Please write out the listing beneath this sentence exactly, from its first line to the line with "Make a logo", and stop there.

◆ Records to process:
___

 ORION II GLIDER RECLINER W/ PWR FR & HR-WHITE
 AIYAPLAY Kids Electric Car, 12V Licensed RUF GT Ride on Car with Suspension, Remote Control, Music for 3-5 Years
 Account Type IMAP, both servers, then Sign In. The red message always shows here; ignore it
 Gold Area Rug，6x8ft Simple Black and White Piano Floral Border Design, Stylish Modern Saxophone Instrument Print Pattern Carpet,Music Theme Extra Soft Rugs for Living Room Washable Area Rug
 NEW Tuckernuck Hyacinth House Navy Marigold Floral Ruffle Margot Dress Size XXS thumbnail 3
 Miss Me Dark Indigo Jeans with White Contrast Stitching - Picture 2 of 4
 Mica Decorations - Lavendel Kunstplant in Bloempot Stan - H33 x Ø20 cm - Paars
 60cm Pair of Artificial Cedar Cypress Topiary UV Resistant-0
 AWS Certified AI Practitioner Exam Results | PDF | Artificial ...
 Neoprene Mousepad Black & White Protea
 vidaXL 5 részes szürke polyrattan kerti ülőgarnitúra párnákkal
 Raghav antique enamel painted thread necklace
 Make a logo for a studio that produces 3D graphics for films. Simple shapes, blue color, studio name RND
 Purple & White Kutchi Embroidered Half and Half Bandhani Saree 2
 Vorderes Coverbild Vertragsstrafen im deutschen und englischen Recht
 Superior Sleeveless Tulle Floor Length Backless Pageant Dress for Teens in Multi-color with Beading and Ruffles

___

◆ Your solution:
 ORION II GLIDER RECLINER W/ PWR FR & HR-WHITE
 AIYAPLAY Kids Electric Car, 12V Licensed RUF GT Ride on Car with Suspension, Remote Control, Music for 3-5 Years
 Account Type IMAP, both servers, then Sign In. The red message always shows here; ignore it
 Gold Area Rug，6x8ft Simple Black and White Piano Floral Border Design, Stylish Modern Saxophone Instrument Print Pattern Carpet,Music Theme Extra Soft Rugs for Living Room Washable Area Rug
 NEW Tuckernuck Hyacinth House Navy Marigold Floral Ruffle Margot Dress Size XXS thumbnail 3
 Miss Me Dark Indigo Jeans with White Contrast Stitching - Picture 2 of 4
 Mica Decorations - Lavendel Kunstplant in Bloempot Stan - H33 x Ø20 cm - Paars
 60cm Pair of Artificial Cedar Cypress Topiary UV Resistant-0
 AWS Certified AI Practitioner Exam Results | PDF | Artificial ...
 Neoprene Mousepad Black & White Protea
 vidaXL 5 részes szürke polyrattan kerti ülőgarnitúra párnákkal
 Raghav antique enamel painted thread necklace
 Make a logo for a studio that produces 3D graphics for films. Simple shapes, blue color, studio name RND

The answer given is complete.